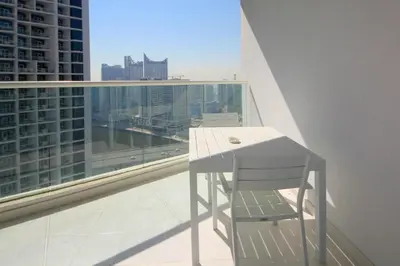 a white table and chair on a balcony with a view at Stylish Studio Apartment with pool in Business Bay in Dubai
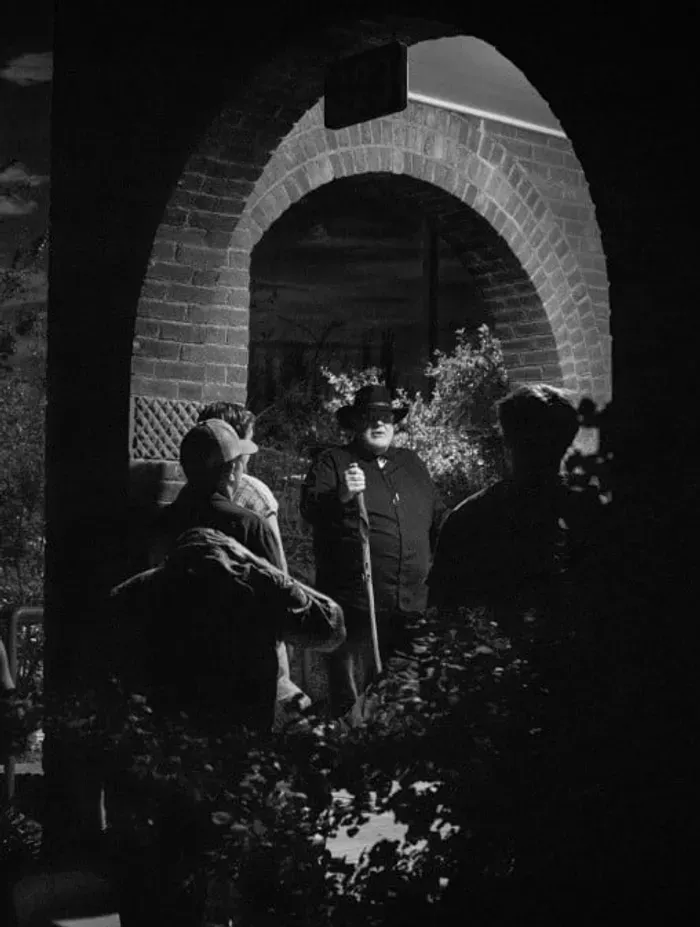 Tour group gathered under a brick archway at night with a guide holding a cane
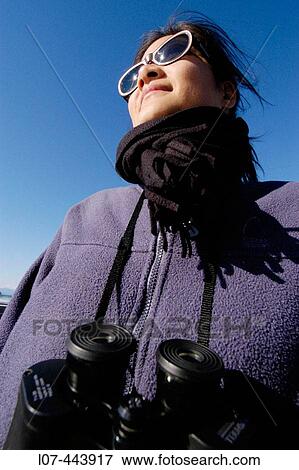 Woman with scarf and binoculars. Alaska. United States View Large Photo Image Stock Photo - Woman with scarf and binoculars. Alaska. United States. Fotosearch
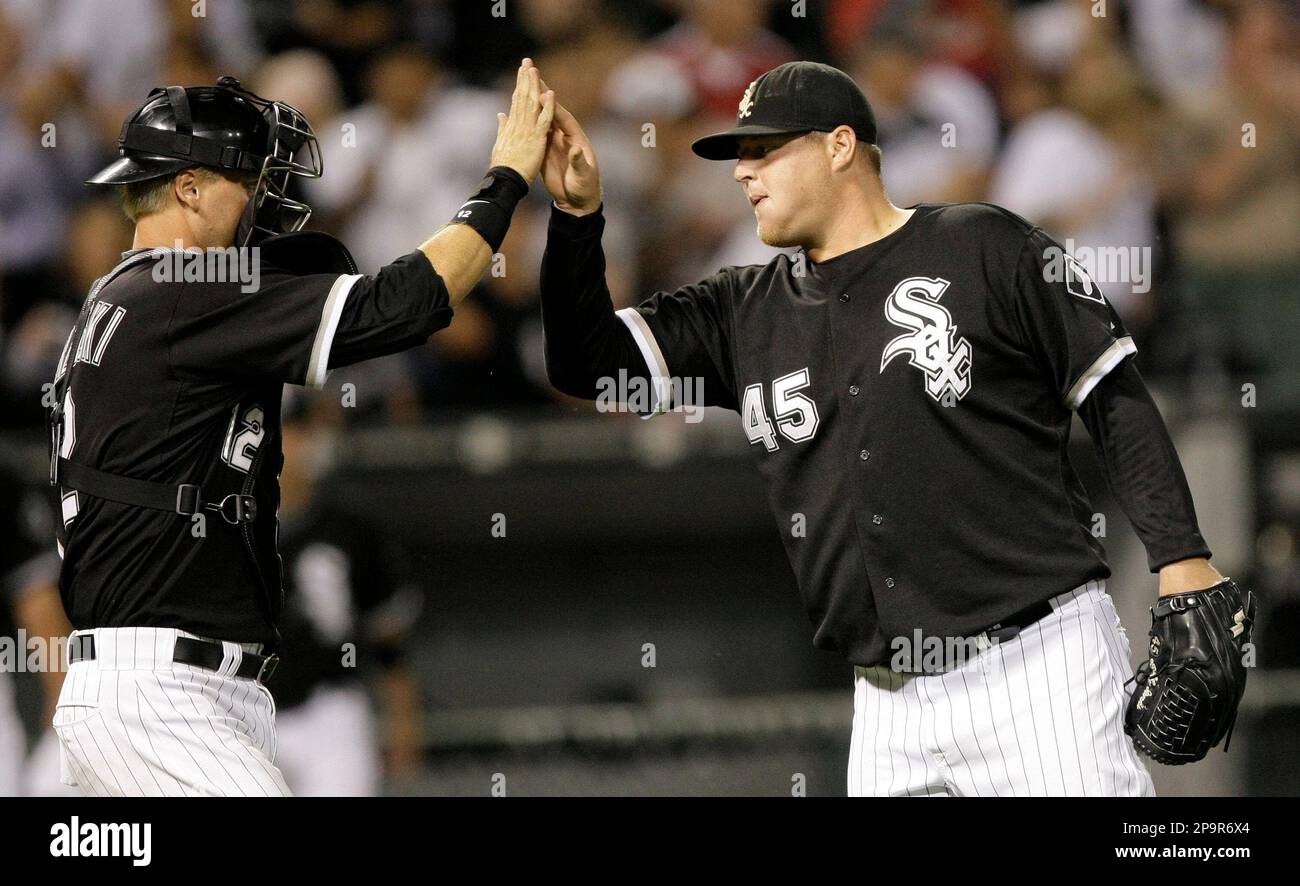 Chicago White Sox catcher A.J. Pierzynski, left, and relief pitcher Bobby  Jenks celebrate after Chicago's 5-0 win over the Seattle Mariners in a  baseball game in Chicago, Tuesday, Aug. 19, 2008. (AP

• [What you have to do]: Pictures aside, please output the whole listing exactly as it appears above.

• [Result of this exercise]:
 a white table and chair on a balcony with a view at Stylish Studio Apartment with pool in Business Bay in Dubai
 Tour group gathered under a brick archway at night with a guide holding a cane
 Woman with scarf and binoculars. Alaska. United States View Large Photo Image Stock Photo - Woman with scarf and binoculars. Alaska. United States. Fotosearch
 Chicago White Sox catcher A.J. Pierzynski, left, and relief pitcher Bobby  Jenks celebrate after Chicago's 5-0 win over the Seattle Mariners in a  baseball game in Chicago, Tuesday, Aug. 19, 2008. (AP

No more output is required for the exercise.